Go through the listing below and list every line with "Black".
──────
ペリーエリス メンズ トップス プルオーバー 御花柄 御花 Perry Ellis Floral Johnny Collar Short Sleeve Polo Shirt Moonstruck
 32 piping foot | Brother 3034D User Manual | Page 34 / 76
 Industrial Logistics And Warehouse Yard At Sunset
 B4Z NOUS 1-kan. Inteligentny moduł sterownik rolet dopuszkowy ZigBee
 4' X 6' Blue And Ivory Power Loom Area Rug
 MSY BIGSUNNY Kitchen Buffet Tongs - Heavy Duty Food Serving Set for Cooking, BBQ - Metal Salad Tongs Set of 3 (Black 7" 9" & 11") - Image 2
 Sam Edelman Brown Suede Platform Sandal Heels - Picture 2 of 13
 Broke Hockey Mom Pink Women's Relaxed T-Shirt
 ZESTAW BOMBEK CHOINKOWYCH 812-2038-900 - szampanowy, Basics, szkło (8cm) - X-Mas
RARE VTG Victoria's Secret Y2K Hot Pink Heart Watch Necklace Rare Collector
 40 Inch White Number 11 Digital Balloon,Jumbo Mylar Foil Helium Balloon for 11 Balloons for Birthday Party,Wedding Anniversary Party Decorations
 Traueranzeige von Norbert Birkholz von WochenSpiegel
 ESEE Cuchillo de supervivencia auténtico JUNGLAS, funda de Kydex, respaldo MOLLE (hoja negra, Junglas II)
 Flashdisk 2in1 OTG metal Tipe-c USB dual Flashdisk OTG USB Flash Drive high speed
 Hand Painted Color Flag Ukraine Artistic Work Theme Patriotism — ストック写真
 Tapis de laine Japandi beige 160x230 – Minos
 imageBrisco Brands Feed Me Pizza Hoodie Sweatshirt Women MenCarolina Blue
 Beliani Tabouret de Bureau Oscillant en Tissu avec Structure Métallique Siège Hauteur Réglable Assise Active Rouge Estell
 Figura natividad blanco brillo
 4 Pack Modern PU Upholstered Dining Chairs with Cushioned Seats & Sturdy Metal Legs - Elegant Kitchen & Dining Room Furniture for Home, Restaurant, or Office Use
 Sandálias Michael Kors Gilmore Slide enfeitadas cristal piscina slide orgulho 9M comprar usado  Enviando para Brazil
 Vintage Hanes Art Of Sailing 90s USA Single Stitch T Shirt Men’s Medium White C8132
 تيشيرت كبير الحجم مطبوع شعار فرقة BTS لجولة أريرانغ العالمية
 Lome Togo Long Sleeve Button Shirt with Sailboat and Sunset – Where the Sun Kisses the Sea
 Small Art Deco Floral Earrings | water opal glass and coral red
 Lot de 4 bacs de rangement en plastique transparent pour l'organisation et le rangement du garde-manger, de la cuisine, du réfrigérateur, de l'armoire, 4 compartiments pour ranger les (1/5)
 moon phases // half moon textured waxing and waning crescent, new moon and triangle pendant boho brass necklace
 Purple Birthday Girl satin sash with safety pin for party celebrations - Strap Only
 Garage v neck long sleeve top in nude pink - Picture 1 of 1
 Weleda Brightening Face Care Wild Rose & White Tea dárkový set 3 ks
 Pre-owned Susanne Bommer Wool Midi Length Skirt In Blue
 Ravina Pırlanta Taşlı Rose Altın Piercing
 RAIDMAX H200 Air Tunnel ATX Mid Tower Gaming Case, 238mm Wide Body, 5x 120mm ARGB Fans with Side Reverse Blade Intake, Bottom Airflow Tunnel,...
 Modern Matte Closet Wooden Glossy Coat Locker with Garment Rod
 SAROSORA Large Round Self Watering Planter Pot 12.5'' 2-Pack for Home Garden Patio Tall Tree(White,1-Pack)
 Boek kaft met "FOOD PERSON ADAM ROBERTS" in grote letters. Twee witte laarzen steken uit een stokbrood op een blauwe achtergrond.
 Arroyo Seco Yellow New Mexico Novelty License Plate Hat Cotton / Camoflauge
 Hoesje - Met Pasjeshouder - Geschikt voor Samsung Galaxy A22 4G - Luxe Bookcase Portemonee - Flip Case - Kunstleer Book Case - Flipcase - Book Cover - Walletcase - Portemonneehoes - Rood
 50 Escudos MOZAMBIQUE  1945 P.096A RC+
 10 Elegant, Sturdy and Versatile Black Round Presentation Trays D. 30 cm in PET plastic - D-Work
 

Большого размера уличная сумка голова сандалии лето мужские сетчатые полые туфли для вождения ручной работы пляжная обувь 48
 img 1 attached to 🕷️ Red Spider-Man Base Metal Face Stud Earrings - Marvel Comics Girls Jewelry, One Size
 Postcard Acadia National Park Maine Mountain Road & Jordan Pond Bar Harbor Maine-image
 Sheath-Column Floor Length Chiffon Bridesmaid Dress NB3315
──────
RESULT OF THIS TASK>
 MSY BIGSUNNY Kitchen Buffet Tongs - Heavy Duty Food Serving Set for Cooking, BBQ - Metal Salad Tongs Set of 3 (Black 7" 9" & 11") - Image 2
 10 Elegant, Sturdy and Versatile Black Round Presentation Trays D. 30 cm in PET plastic - D-Work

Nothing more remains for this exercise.